Slow, moment by moment. That is what I will do today. I do not have expectations and I feel somewhat hollow. My efforts will be in celebration and joy with those I can touch. I will reflect throughout the day, at times breaking down, but other times able to fully smile.
This is one of those hard days.
Where the old me and the new me sit side by side and bicker.
These are days when it is all too easy for me to lost in “what used to be”.
Today is another test of my strength, character, and grief.
Who will win?
I do not know.
But, I sit here at 6:30 a.m. and try to devise a plan for approaching the day. I have put things into compartments — arrival, chit chat time before dinner, dinner, after dinner clean up, presents…..
Imagining myself in each compartment/situation and feeling the emotion right now in prepare stage…. crying it out, longing for my son to be there, analyzing all the things he is missing. Having a hell of a good cry before I even start to get ready for the day.
This is the new me.
This is how I have to operate now.
Not only for me but out of respect for my mother, my brother, my sister-in-law. Thinking of my children, my grandchildren, my nephews.

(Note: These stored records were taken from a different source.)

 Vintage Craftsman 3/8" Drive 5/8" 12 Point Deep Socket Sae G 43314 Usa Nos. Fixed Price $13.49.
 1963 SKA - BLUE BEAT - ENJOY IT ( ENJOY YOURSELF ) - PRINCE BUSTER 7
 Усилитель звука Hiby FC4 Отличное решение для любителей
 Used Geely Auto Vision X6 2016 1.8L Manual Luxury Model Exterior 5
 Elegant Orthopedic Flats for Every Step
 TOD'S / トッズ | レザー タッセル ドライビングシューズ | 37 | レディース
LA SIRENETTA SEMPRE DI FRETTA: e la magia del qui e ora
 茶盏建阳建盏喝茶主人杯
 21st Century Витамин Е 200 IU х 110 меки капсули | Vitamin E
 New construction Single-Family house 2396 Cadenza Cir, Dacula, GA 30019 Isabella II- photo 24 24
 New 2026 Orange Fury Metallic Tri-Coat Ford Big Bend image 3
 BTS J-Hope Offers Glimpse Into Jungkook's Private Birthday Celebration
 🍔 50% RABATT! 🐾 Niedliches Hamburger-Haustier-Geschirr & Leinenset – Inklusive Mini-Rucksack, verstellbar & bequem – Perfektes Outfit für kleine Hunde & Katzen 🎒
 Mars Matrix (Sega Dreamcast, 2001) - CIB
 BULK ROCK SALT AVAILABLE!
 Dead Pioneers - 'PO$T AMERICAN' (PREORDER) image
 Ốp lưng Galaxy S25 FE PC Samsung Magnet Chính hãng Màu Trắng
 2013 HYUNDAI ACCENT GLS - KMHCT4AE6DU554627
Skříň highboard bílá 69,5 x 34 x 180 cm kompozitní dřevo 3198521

I do not want to be a blubbering mess in front of all of them today. Not because I am concerned with appearances….because I am concerned with survival and healing. We all lost Fred. We all grieve his absence. We all know how bad this sucks.
But for me, Fred’s Mom, I can show some strength and progress today.
I can pass on a little bit of hope in an unspoken way.
If I tear up, I will smile at the same time – showing that it is good memories I think of….good memories that the family is all a part of with my son. If I break down, I will excuse myself, and I will let it out. I will use it to be stronger for the next phase of the day.
I will allow good memories to happen around me and for me to be a part of them. Fred will be in that house today because he is present in all of us. I will be ok and another tomorrow will come, this holiday will pass, and my worry lines will deepen a little more. I still struggle with my faith. I still struggle with reasons and guilt. I still struggle with grief.
Next holiday, New Years and the fact that Fred will not be starting a new year. Next holiday, birthday and the fact that Fred will not be celebrating another year older.
The just keep coming, the commemorative events.
I have to be ready and have a plan to get through.
I need to stand tall and strong for myself and my family.
I need to show my children, my Mom, my brother, that when bad things happen we can survive it.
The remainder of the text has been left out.